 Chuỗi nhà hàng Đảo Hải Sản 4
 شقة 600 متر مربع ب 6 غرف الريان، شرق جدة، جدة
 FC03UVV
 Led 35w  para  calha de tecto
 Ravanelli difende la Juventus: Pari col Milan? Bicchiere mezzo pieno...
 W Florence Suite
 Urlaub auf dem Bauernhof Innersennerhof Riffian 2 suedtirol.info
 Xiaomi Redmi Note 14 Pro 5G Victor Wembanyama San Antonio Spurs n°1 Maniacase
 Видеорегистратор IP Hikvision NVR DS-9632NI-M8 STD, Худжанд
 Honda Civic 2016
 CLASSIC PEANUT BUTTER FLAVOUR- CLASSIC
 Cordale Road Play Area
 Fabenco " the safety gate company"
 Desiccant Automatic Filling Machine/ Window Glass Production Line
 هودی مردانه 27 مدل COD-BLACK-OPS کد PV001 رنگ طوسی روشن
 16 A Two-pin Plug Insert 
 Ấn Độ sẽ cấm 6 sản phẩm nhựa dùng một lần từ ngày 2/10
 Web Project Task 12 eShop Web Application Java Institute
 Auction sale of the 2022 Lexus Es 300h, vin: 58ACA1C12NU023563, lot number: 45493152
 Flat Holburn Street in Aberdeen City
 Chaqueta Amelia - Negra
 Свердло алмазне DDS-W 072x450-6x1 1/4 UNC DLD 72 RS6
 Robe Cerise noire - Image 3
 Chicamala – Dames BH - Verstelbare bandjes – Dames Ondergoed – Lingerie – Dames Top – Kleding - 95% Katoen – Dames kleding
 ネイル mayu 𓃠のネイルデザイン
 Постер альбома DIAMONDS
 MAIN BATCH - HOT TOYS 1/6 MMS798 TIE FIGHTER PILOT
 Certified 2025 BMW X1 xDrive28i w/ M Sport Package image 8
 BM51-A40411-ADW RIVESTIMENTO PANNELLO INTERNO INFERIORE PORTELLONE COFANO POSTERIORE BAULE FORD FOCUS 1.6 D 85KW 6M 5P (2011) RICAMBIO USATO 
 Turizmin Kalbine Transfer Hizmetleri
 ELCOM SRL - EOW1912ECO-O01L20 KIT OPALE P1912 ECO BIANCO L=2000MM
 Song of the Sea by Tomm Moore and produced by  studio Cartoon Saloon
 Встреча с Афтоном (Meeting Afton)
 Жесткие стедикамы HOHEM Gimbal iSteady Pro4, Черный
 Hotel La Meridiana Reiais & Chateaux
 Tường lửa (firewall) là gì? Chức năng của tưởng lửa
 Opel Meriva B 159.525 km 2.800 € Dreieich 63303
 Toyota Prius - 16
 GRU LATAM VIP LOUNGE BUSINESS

__DESCRIPTION OF THE TASK__
What is needed is a word-for-word copy of all the entries.

__THE COMPLETED TASK__
 Chuỗi nhà hàng Đảo Hải Sản 4
 شقة 600 متر مربع ب 6 غرف الريان، شرق جدة، جدة
 FC03UVV
 Led 35w  para  calha de tecto
 Ravanelli difende la Juventus: Pari col Milan? Bicchiere mezzo pieno...
 W Florence Suite
 Urlaub auf dem Bauernhof Innersennerhof Riffian 2 suedtirol.info
 Xiaomi Redmi Note 14 Pro 5G Victor Wembanyama San Antonio Spurs n°1 Maniacase
 Видеорегистратор IP Hikvision NVR DS-9632NI-M8 STD, Худжанд
 Honda Civic 2016
 CLASSIC PEANUT BUTTER FLAVOUR- CLASSIC
 Cordale Road Play Area
 Fabenco " the safety gate company"
 Desiccant Automatic Filling Machine/ Window Glass Production Line
 هودی مردانه 27 مدل COD-BLACK-OPS کد PV001 رنگ طوسی روشن
 16 A Two-pin Plug Insert 
 Ấn Độ sẽ cấm 6 sản phẩm nhựa dùng một lần từ ngày 2/10
 Web Project Task 12 eShop Web Application Java Institute
 Auction sale of the 2022 Lexus Es 300h, vin: 58ACA1C12NU023563, lot number: 45493152
 Flat Holburn Street in Aberdeen City
 Chaqueta Amelia - Negra
 Свердло алмазне DDS-W 072x450-6x1 1/4 UNC DLD 72 RS6
 Robe Cerise noire - Image 3
 Chicamala – Dames BH - Verstelbare bandjes – Dames Ondergoed – Lingerie – Dames Top – Kleding - 95% Katoen – Dames kleding
 ネイル mayu 𓃠のネイルデザイン
 Постер альбома DIAMONDS
 MAIN BATCH - HOT TOYS 1/6 MMS798 TIE FIGHTER PILOT
 Certified 2025 BMW X1 xDrive28i w/ M Sport Package image 8
 BM51-A40411-ADW RIVESTIMENTO PANNELLO INTERNO INFERIORE PORTELLONE COFANO POSTERIORE BAULE FORD FOCUS 1.6 D 85KW 6M 5P (2011) RICAMBIO USATO 
 Turizmin Kalbine Transfer Hizmetleri
 ELCOM SRL - EOW1912ECO-O01L20 KIT OPALE P1912 ECO BIANCO L=2000MM
 Song of the Sea by Tomm Moore and produced by  studio Cartoon Saloon
 Встреча с Афтоном (Meeting Afton)
 Жесткие стедикамы HOHEM Gimbal iSteady Pro4, Черный
 Hotel La Meridiana Reiais & Chateaux
 Tường lửa (firewall) là gì? Chức năng của tưởng lửa
 Opel Meriva B 159.525 km 2.800 € Dreieich 63303
 Toyota Prius - 16
 GRU LATAM VIP LOUNGE BUSINESS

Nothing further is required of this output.